Facebook DO NOT tag indiscriminately. Make sure the tag is relevant to the person being tagged. Sarah may love wire wrap jewelry, but that doesn’t necessarily mean she wants to be tagged in every photo of jewelry I post, despite my (ahem….often self-congratulatory) pride. Even in the ether of the internet, personal space is still a commodity closely held by many, and it’s important to respect the idea of space and, just as important, time. Often, with hundreds of likes per user, news feeds and the notification tabs are busy enough with posts and pages the user chose to see (and some Facebook chooses the user to see!), so an additional influx of tagged notifications can be frustrating.

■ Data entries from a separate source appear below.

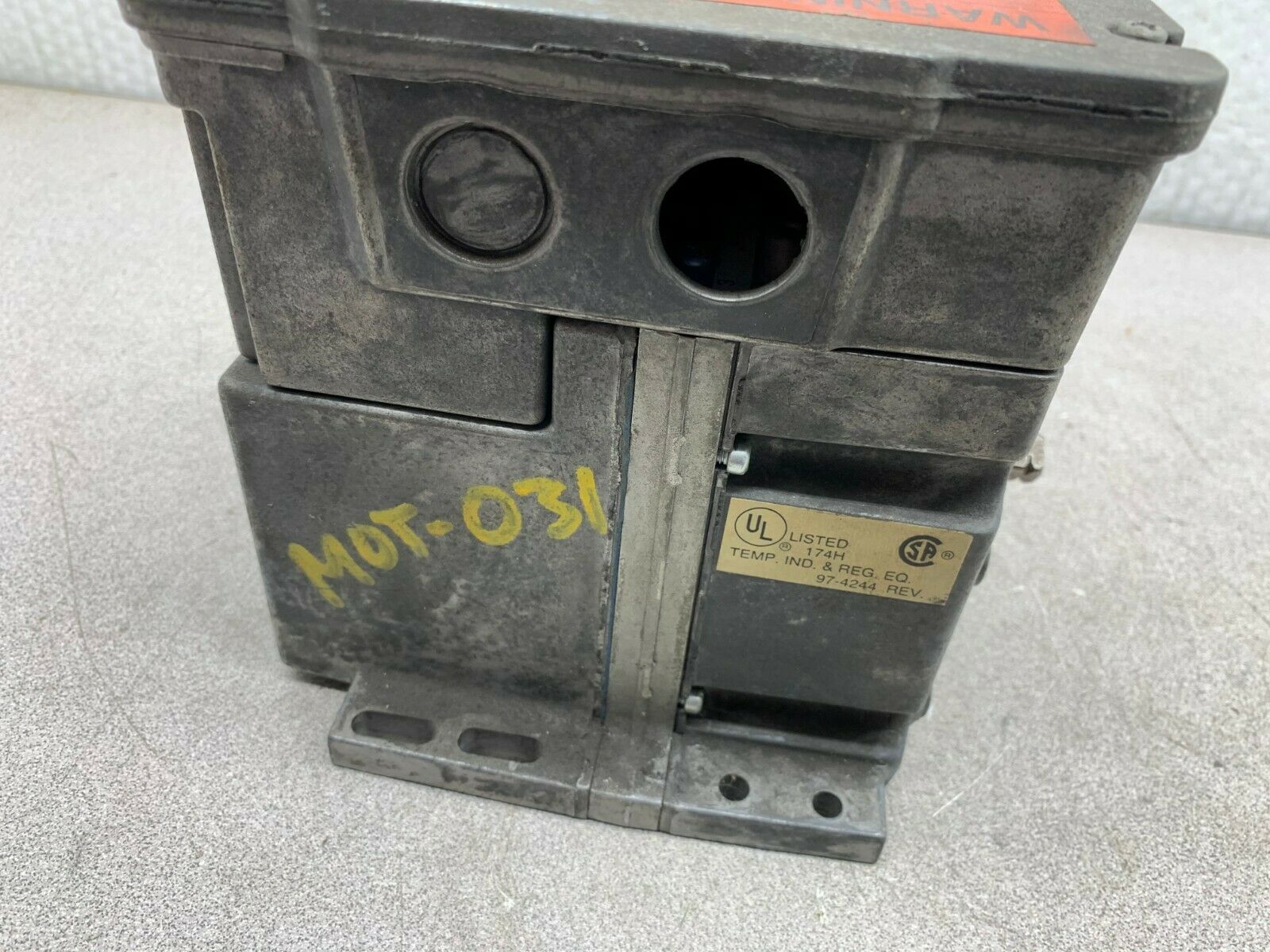 USED HONEYWELL MODUTROL MOTOR M6284A1022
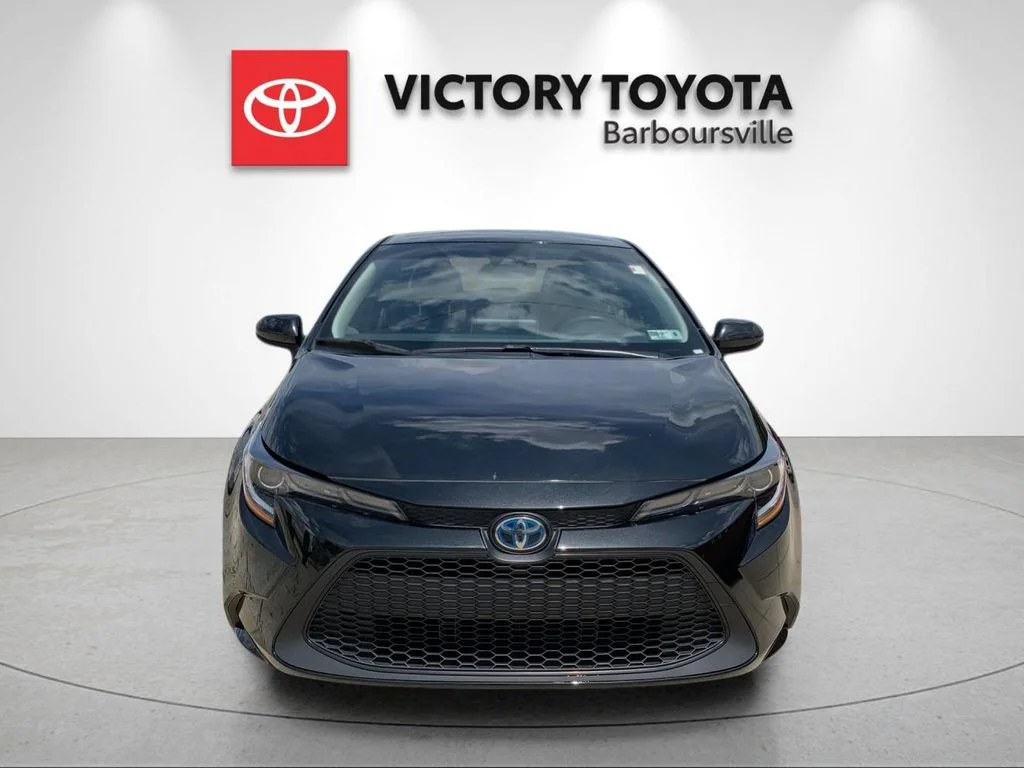 Used 2021 Black Toyota LE image 8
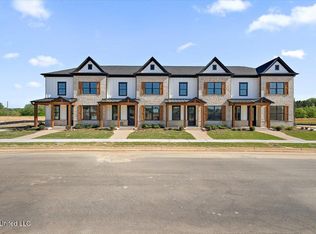 723 Bolivar Dr, Hernando, MS 38632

DO NOT request “likes for likes”, unless where there is a thread or forum specifically for this purpose. I know, it seems like sometimes it’s easy to get lost in the crowd, and the best way to build an audience is to farm for likes. But likes given only under the prerequisite of reciprocation do neither the giver nor the receiver any good. And here’s why…. traffic to and from Facebook business pages is decided on two main factors: the content of a page, and the genuine interaction it receives. Though a “like for likes” campaign may generate followers, it does not generate fans or traffic. It’s important to build these relationships naturally and genuinely and to like pages and products, in your opinion, deserving of it.
DO NOT spam the business pages of others. I promise there are a whole collective of page owners who have done it, and most without a nefarious bone in their body. Somewhere along the line, just past the building-a-business starting gate, we’ve trolled the active business pages of others, dropping a link to our website or Facebook page, hoping for a boost to our numbers. It happens. But, like the previous suggestion, this doesn’t generate genuine interaction and, in some cases, can even get you banned by users, which is a sad happenstance that benefits no one.
DO engage with pages, artists and businesses you’ve liked. The more you engage, the more informed you’ll be on new updates. Though clicking that “like” button is a fabulous way to express support for an idea, sentiment or project, conversing about it is even better, and will guarantee posts from the page continue to appear in your feed.
DO (as previously mentioned) always credit designers, in every instance when applicable, even in cases of derivative or “inspired by” looks.
Twitter Quite frankly, Twitter and Tumbler confound me. Just… um… don’t get upset when I fail to reply to your tweet. Because I don’t know how. It’s shameful, I know. I should really learn to Twitter better. But if you have Twitter etiquette, please share it below!
Now, I know social media can be overwhelming. Many juggle a dozen social platforms a day, and do so swimmingly. Some, however (myself included), sometimes feel as though they’ve been dropped in a foreign country with a translate app that’s failed to work. Eeep! But despite the confusion, social media and social sharing can be a fun and beneficial experience. Excuse yourself the mistakes, and aim to fix them. It’s the best any of us can do!